Downtown Houston fell on hard times after oil boom of the early 1980s collapsed, so it’s somewhat surprising there are new buildings being built again, some of them residential in a place that had a reputation for being a dead downtown after work hours
. The regional economy nowadays is more diversified, but both here and in Dallas most of new office development is now in distant suburbs where most conservative Texans want to live while downtown office vacancy rates in both cities have been high for a long time.
Downtown is not all office buildings, though, at least not anymore. The large Hbby Center for the Performing Arts and newish Wortham Theater are both downtown. And office workers, of course, need places to eat, so there is even a stretch of historic old buildings along Main Street that have been transformed into a nice commercial street similar to Larimer Square in downtown Denver. Houston even had the foresight to preserve a couple of its attractive old buildings like the old Harris County Courthouse, but I suspect 90% of the downtown buildings from a century ago have been bulldozed to make way for parking garages and surface lots.
One of the things you notice in Houston is that there are not many people walking on the streets even though the weather was absolutely perfect to be outdoors on the sunny November day I was there
. It’s normally too hot to go outside for much of the year in Houston, so most buildings are connected by underground walkways below street level, similar to passages between buildings at 2nd or 3rd floors in very cold Midwestern cities.
Minute Maid Park/Stadium is where the Houston Astros now play.
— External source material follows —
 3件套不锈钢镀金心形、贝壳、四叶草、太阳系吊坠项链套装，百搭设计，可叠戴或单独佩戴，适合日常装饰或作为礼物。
Of all the silly corporate names for stadiums the one named after a brand of orange juice must be close to the top. Earlier I drove past the obsolete Astrodome on the south side, the world’s original air-conditioned stadium that was the home to the Oilers as well as the Astros for much of Houston’s sports history but is now destined to be torn down. There’s no way you can preserve or repurpose something that big as a historical landmark despite it being a first.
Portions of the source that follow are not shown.